Start of Block

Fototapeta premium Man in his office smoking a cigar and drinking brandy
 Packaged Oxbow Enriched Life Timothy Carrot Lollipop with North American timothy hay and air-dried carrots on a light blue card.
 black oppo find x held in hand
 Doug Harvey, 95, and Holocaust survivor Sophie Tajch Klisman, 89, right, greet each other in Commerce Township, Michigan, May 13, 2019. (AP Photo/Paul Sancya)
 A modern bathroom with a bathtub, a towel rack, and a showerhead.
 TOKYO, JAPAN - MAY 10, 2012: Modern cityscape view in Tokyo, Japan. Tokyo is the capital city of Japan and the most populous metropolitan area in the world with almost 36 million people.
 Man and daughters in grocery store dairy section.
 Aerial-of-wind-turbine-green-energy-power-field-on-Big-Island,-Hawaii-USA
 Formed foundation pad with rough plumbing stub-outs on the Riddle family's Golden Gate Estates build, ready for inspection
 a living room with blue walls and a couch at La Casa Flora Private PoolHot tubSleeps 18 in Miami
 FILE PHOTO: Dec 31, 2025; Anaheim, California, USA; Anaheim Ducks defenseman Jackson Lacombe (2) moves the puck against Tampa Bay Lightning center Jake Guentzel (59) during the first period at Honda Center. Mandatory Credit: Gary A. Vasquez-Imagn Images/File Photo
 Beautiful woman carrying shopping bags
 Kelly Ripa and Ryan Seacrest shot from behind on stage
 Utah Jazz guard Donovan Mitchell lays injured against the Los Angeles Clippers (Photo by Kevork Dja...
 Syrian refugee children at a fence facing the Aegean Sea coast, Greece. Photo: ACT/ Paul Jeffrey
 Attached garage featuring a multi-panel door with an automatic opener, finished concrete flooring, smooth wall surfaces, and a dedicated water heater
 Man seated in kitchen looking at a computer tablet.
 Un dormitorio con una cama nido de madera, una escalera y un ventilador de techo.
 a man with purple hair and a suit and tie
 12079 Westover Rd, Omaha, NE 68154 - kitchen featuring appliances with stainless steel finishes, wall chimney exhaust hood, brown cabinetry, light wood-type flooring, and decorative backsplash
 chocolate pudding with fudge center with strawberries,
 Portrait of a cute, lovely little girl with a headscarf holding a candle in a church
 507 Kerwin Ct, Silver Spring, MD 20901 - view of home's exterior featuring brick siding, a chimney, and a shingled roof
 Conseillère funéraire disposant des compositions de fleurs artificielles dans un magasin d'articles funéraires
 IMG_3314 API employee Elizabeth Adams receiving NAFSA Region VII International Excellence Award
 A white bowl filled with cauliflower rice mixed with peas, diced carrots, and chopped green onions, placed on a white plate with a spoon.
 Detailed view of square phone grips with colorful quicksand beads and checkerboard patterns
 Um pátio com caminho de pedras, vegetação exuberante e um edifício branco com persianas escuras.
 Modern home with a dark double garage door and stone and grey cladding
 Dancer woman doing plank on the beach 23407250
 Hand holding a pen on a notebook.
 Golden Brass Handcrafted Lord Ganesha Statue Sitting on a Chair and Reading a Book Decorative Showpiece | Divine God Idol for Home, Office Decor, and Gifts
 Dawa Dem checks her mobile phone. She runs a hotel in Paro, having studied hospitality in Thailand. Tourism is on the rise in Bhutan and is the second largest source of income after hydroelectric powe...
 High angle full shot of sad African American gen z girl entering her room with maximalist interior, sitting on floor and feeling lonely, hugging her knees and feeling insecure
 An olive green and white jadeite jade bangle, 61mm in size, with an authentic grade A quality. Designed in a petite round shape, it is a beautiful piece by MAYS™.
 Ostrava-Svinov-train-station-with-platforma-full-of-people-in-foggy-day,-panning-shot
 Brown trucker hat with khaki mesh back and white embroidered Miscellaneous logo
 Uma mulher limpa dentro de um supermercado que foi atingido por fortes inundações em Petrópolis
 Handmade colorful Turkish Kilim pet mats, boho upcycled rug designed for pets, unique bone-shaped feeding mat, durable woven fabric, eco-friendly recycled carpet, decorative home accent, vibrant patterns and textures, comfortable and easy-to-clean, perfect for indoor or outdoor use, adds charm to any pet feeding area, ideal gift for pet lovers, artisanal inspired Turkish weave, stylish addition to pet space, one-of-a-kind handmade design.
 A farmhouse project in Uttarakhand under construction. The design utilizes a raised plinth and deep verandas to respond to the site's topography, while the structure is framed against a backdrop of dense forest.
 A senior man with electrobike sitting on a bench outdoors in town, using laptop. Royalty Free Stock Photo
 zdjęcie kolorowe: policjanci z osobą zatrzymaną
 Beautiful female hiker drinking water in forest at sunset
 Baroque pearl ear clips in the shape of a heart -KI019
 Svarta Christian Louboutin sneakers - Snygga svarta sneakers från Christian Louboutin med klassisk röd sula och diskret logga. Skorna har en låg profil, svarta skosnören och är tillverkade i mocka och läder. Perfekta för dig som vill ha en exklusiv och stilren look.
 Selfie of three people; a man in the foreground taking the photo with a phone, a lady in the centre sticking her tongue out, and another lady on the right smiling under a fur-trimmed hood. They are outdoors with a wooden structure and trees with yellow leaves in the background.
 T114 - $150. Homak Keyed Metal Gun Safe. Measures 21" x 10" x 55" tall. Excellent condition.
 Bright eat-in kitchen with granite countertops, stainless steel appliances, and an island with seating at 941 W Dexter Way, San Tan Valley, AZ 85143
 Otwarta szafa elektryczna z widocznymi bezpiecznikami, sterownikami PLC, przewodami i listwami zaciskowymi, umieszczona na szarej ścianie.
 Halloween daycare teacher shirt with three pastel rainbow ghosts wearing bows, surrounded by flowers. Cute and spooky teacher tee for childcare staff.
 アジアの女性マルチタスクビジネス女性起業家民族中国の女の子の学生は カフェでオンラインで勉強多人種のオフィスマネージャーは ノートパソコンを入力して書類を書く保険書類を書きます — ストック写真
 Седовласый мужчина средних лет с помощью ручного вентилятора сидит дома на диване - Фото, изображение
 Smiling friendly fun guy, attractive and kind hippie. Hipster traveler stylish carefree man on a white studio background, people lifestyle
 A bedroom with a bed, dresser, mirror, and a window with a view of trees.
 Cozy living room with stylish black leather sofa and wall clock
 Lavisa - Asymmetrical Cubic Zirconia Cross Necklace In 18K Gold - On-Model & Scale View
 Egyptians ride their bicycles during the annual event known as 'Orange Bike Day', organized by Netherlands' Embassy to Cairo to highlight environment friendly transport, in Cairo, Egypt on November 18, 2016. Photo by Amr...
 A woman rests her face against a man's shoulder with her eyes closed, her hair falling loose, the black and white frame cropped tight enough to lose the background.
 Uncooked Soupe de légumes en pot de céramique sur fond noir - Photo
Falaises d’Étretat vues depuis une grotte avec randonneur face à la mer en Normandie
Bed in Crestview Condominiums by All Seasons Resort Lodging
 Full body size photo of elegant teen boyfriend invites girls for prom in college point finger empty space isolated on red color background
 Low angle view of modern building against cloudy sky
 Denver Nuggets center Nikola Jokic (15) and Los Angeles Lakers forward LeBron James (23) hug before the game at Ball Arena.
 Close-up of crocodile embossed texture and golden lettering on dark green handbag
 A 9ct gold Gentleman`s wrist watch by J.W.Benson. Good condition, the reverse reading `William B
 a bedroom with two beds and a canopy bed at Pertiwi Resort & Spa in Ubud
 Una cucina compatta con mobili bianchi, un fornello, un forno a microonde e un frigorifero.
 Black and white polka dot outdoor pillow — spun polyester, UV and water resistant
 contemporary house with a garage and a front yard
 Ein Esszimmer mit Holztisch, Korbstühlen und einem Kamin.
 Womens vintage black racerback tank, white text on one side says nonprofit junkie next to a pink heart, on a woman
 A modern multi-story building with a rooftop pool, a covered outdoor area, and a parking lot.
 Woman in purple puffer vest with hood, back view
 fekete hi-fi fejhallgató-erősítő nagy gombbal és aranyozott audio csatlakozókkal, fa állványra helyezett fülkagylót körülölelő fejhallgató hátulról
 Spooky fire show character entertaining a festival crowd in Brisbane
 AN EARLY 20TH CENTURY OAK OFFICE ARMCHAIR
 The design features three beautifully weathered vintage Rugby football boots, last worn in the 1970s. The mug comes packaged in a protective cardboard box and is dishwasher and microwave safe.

End of Block

Problem to solve:
Reproduce, line for line, the material, starting at its first line, and end once the line holding "A modern bathroom" has been output.

Task answer:
Fototapeta premium Man in his office smoking a cigar and drinking brandy
 Packaged Oxbow Enriched Life Timothy Carrot Lollipop with North American timothy hay and air-dried carrots on a light blue card.
 black oppo find x held in hand
 Doug Harvey, 95, and Holocaust survivor Sophie Tajch Klisman, 89, right, greet each other in Commerce Township, Michigan, May 13, 2019. (AP Photo/Paul Sancya)
 A modern bathroom with a bathtub, a towel rack, and a showerhead.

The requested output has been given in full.